A major issue in the coverage process is how to define clinical utility and what data are dispositive in establishing clinical utility. The term might be defined as the provision of sufficient information to actually change a clinician’s decision. More likely, clinical utility will be defined by the great plurality of health plans, public and private, as a demonstrated improvement in specified patient outcomes.
UnitedHealth has published a short dissertation on molecular testing that includes a discussion of how coverage decisions are made. As expected (and consistent with Palmetto’s policy), it appears that scientific data will be required to demonstrate improved patient outcomes.

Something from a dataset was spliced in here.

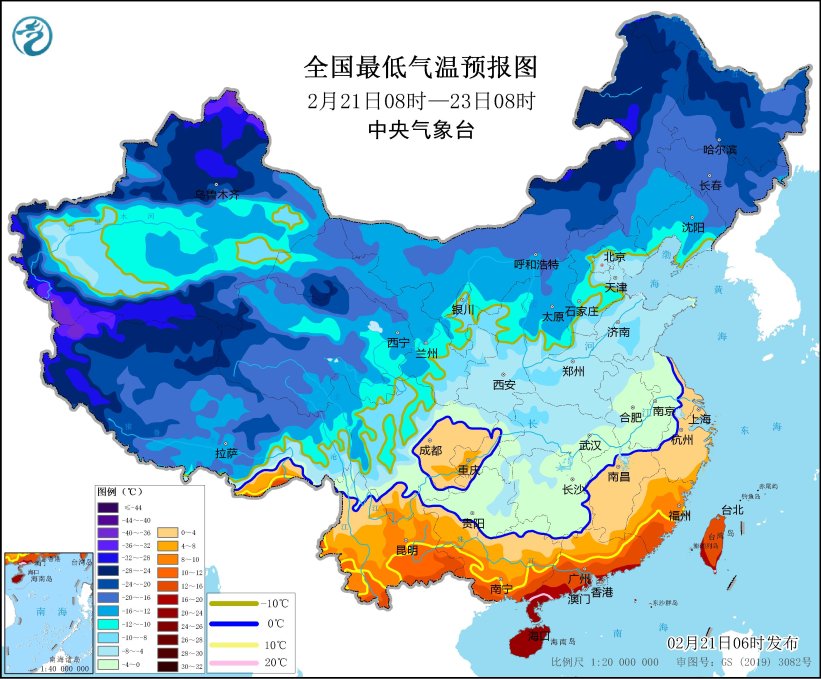 全国最低气温预报图(2月21日08时-23日08时).jpg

Setting the general threshold for improvement of patient outcomes is important. But, when policy-setting actually begins on a test-by-test basis, a multitude of questions will arise from the many clinical uses of molecular tests in prevention, screening, diagnosis, treatment (directive or predictive), prognosis, therapeutic monitoring, disease surveillance, and follow-up. For example, to what extent will tests that provide important prognostic information to patients be covered?
Also, bear in mind that this discussion has focused on individual molecular tests and has not considered the panel of mutations, rearrangements, etc, that can be evaluated in panels assessed by high throughput genomic sequencing platforms.
Role of the FDA
It is interesting to note that both the UnitedHealth and Palmetto pieces discuss the concept of coverage with evidence development—the Medicare mechanism used to provide conditional coverage for new technologies with a requirement for the collection, analysis, and presentation of more data, to define the benefit derived by patients regarding specific outcomes. One potential target for the granting of coverage with evidence development might be the category of molecular tests known as laboratory-developed tests.

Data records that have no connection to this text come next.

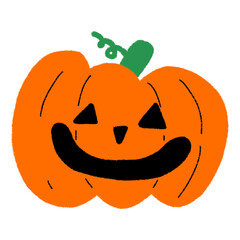 Hand drawing a Halloween day element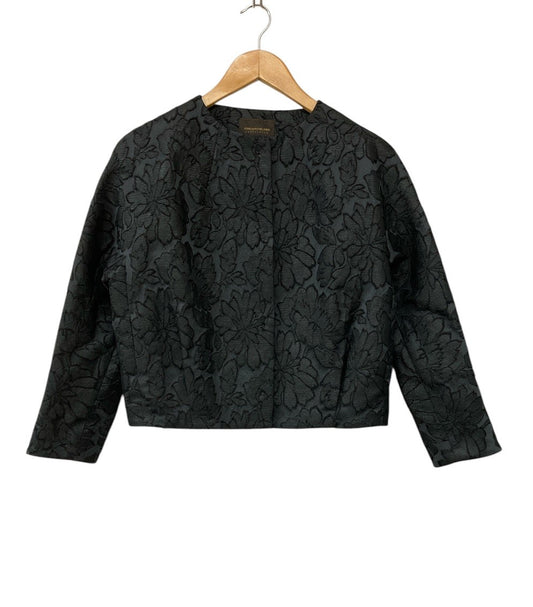 TOMORROWLAND トゥモローランド コレクション ノーカラー ジャケット サイズ36 フラワー 中古 D4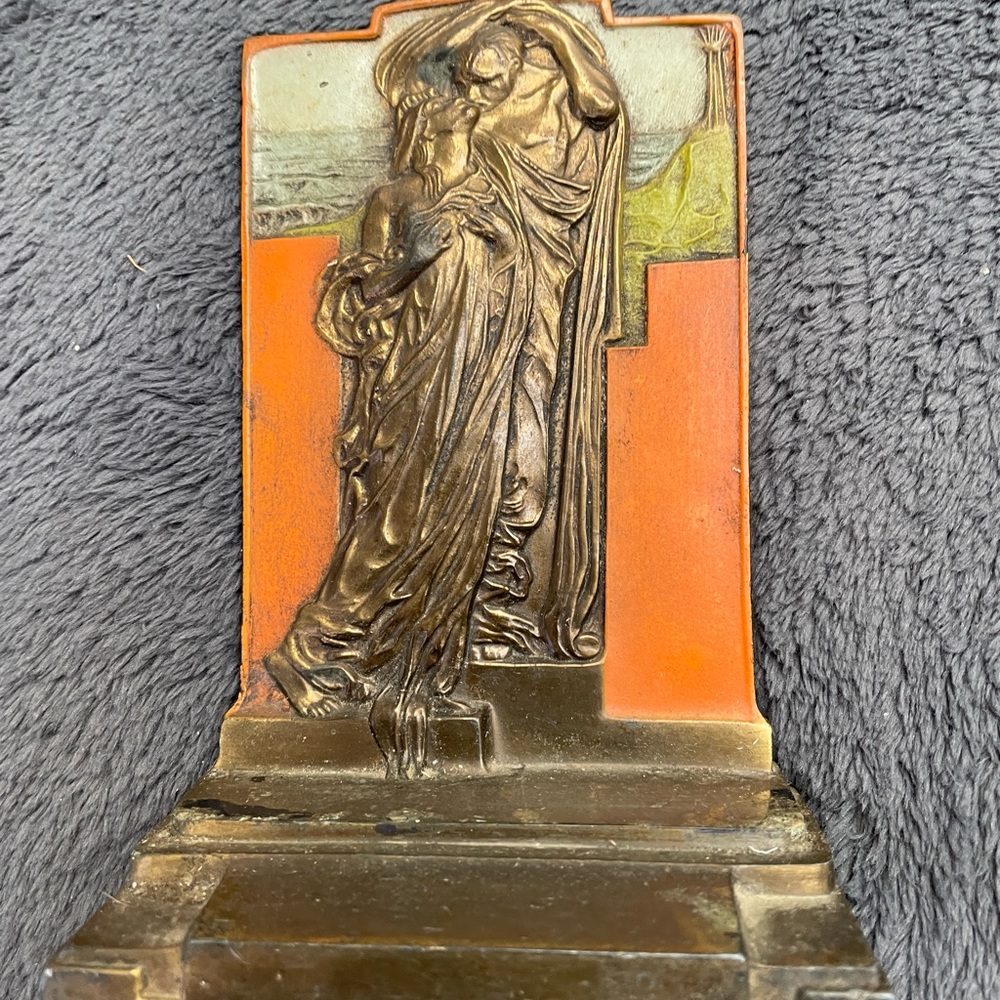 Bronze Adoration bookends 1925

Some molecular tests have been approved by the FDA. However, a significant number of molecular tests have been marketed without specific FDA approval. Coverage with evidence development might be applied to generate more data about a specific laboratory-developed test as it is introduced and diffuses into cancer care.
Heretofore, laboratory-developed tests have not been regulated to any significant degree by the FDA. In a presentation at the 2013 ASCO Annual Meeting, FDA Commissioner Margaret Hamburg indicated that the FDA is again considering whether to enhance its oversight of so-called laboratory-developed tests, because there has been a proliferation of such tests and their results are clearly and often used to help direct patient care. A question for the future could be, to what extent might the FDA regulate the clinical logic embedded in software that interprets the results of a genomic panel—ie, will the agency seek to oversee algorithmic guides to molecular testing–directed treatment?

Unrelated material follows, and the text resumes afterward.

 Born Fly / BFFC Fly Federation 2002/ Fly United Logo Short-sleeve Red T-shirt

The scientific understanding of the human genome, its expression, and the effects of that expression is advancing rapidly. Such understanding is being efficiently translated into health-care technologies that should improve patient care and benefit.
I have touched on just some of the issues that are being addressed by federal regulators, public and private managed care companies, commercial entities, and leading research institutions. All of these parties are striving to keep pace, or at least not be left behind! ■
Dr. McGivney is Principal, McGivney Global Advisors.
Disclosure: Dr. McGivney is a consultant for several biopharmaceutical companies, including medical diagnostics firms.